-- SOURCE MATERIAL follows --
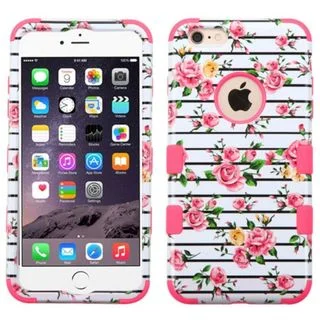 INSTEN Roses/ Electric Pink Rubberized Transparent Dual Layer TUFF Hybrid Phone Protector Cover for iPhone 6 Plus/ 6s Plus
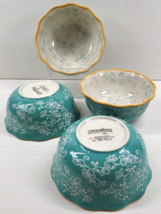 (4) Temp-Tations Floral Lace Light Blue 24 Oz Dessert Bowls Set Ruffled Dish Lot - £47.21 GBP
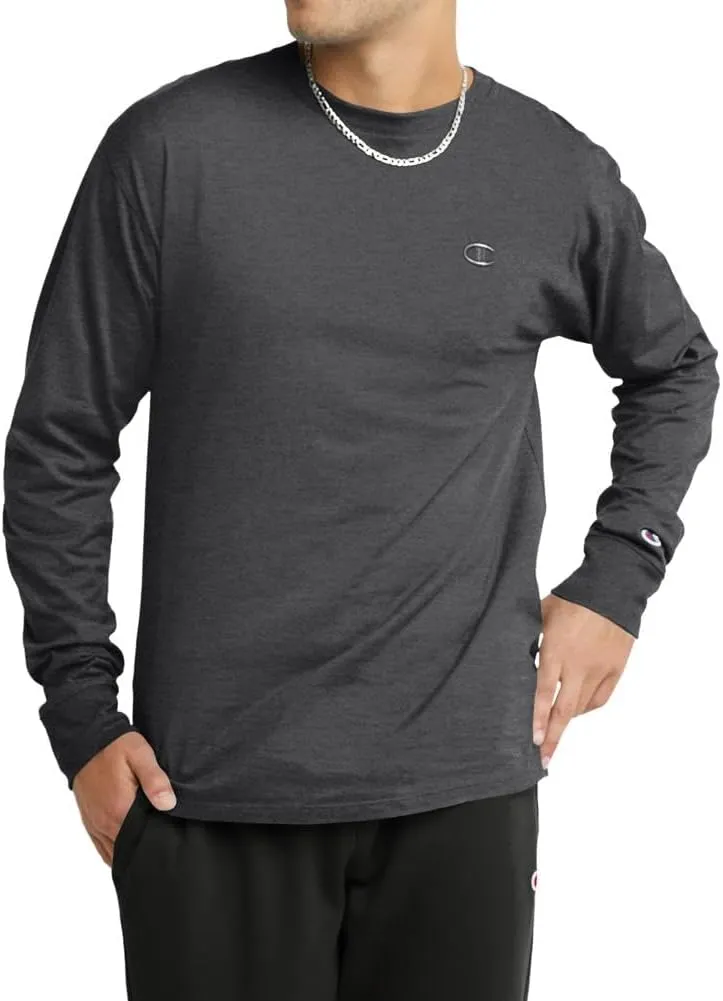 Champion Men's Long Sleeve T-shirt, Classic T-shirt for Men (Reg. Or Big & Tall)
-- SOURCE MATERIAL concluded --
From the line containing "(4) Temp-Tations Floral" down to the final line of the material above, reproduce each line exactly and include no images.

 (4) Temp-Tations Floral Lace Light Blue 24 Oz Dessert Bowls Set Ruffled Dish Lot - £47.21 GBP
 Champion Men's Long Sleeve T-shirt, Classic T-shirt for Men (Reg. Or Big & Tall)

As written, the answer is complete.